(Short web captions)
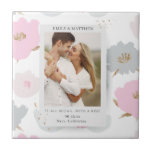 Where It All Began Romantic Couples Personalized Tile<br><div class="desc">Where It All Began Romantic Couples Personalized Decorative Tiles feature a modern abstract pink floral with gold glitter accents. In the centre add your favourite photo and your text of how you met. Easy DIY (Do It Yourself) by editing the text in the text boxes provided. Designed by ©Evco Studio...</div>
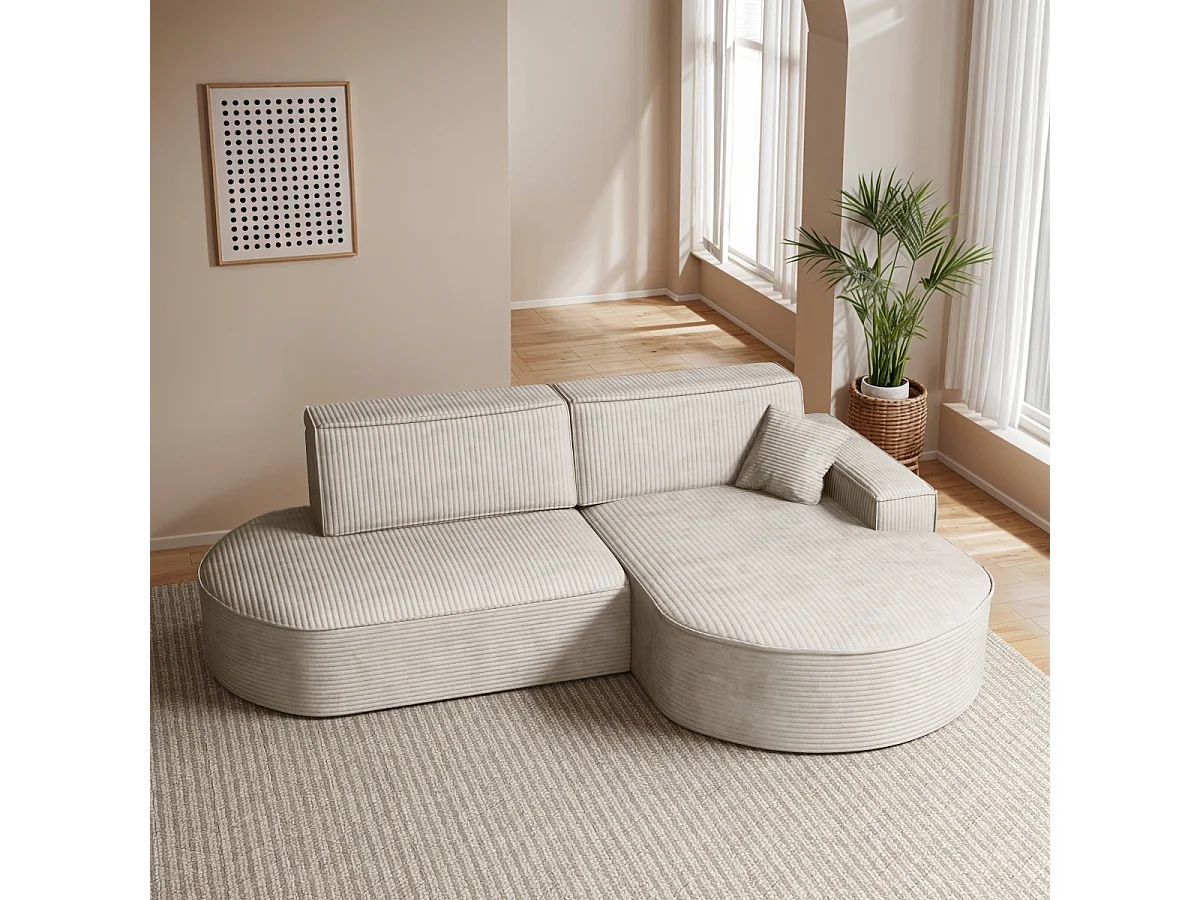 Ecksofa Modena Pro - Komfort und Stil in modernem Design stoff Poso Beige Rechts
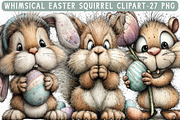 Whimsical Easter Squirrel Clipart, an Illustration by Libby Wishes (Thumbnail 1 of 6)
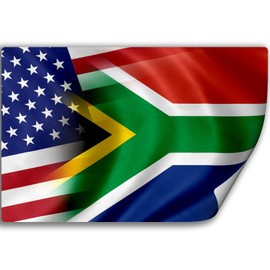 Sticker (Decal) with Flag of South Africa and USA (South African)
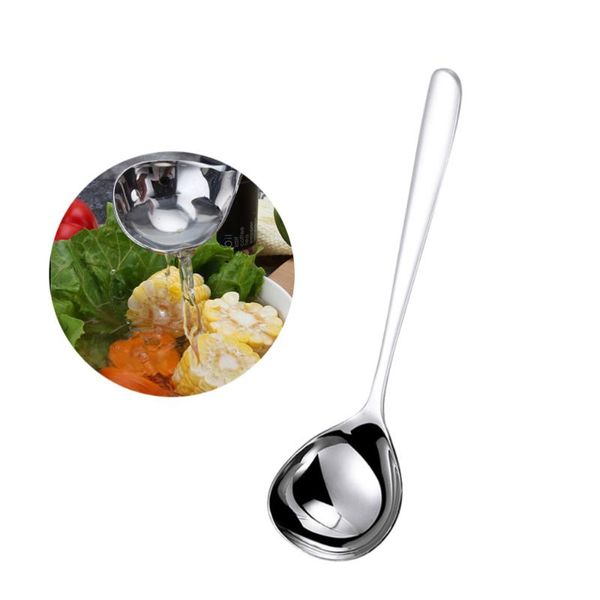

3pcs 304 stainless steel round soup spoons gloss finish smooth handle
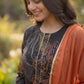 Stylish Black Viscose Rayon Kurta Set with Abstract Print & Orange Chiffon Dupatta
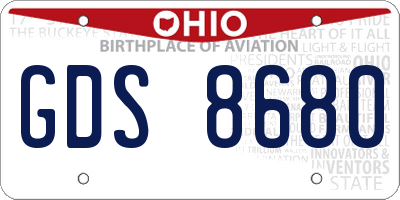 OH license plate GDS8680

Exercise prompt:
Restate the data above exactly, stripping out each image.

Answer to this task:
 Where It All Began Romantic Couples Personalized Tile<br><div class="desc">Where It All Began Romantic Couples Personalized Decorative Tiles feature a modern abstract pink floral with gold glitter accents. In the centre add your favourite photo and your text of how you met. Easy DIY (Do It Yourself) by editing the text in the text boxes provided. Designed by ©Evco Studio...</div>
 Ecksofa Modena Pro - Komfort und Stil in modernem Design stoff Poso Beige Rechts
 Whimsical Easter Squirrel Clipart, an Illustration by Libby Wishes (Thumbnail 1 of 6)
 Sticker (Decal) with Flag of South Africa and USA (South African)

3pcs 304 stainless steel round soup spoons gloss finish smooth handle
 Stylish Black Viscose Rayon Kurta Set with Abstract Print & Orange Chiffon Dupatta
 OH license plate GDS8680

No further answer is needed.